I’ve been thinking about the aftermath of Thanksgiving. No, not the calorie aftermath–that pound I may have added. No, I’m thinking about the crazy “black Friday” Christmas shopping aftermath. Well, they call it “black Friday,” but for many stores it began on Thursday evening. The turkey and cranberry leftovers were barely packed in the fridge when some folks headed out to their local Wal-Marts to shop the sales. Which also meant some folks also had to work that night. Then there were the many people who set their alarm clocks to wake them for the 4 a.m. sales.
How did Christmas shopping get so crazy and out of control?
It made me wonder: Who goes shopping on Thanksgiving night? Who gets up at 3 a.m., drives in the dark, searches for a parking space, and fights the crowds to buy stuff? And I do mean “fights the crowds.”
That weekend the news featured a story about a woman in Los Angeles who used pepper spray on other shoppers so she could get an xbox game console. Some 20 people were injured. In a Michigan store, women got into a fistfight over bath towels.
The Reuters News Service reported: “Videos of shopping pandemonium crowded YouTube by late Friday. One clip showed a crowd crushing and tearing apart boxes in a free-for-all for inexpensive cell phones. Another showed people flooding into a store as the gates were raised…The instant classic of the day was a video of an Arkansas melee over a $2 waffle iron. The shaky, 48-second clip shows a mass of squealing and shouting men, women and children climbing over each other, grabbing and tossing boxes…”

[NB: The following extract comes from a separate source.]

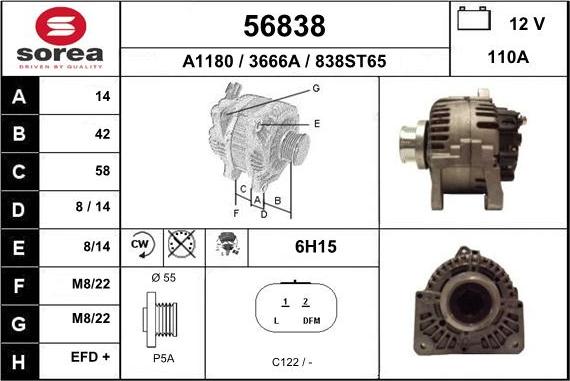 EAI 56838 - Генератор autospares.lv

I guess this is what happens when you take the “Crazy Target Lady” commercials to the extreme. Those commercials have always made me cringe. Has consumerism in America become as unmoored and deranged as Crazy Target Lady? Are we that obsessed with getting more stuff?
Or is it that money is so tight these days that we will do whatever it takes to make it to the sales? Is it that the media has fostered expectations about what Christmas must entail: the perfect glittering tree surrounded by a mountain of beautiful packages? Maybe we feel intense pressure to buy more and more. And often, we end up with a mountain of credit card debt in January.
What do you think? Has shopping become a “competitive sport,” as one writer called it? Did you go out on Thanksgiving to snag deals? Did you have to work at a retail outlet that night? How was it where you were?
Kate Elliott is editor of Gather magazine.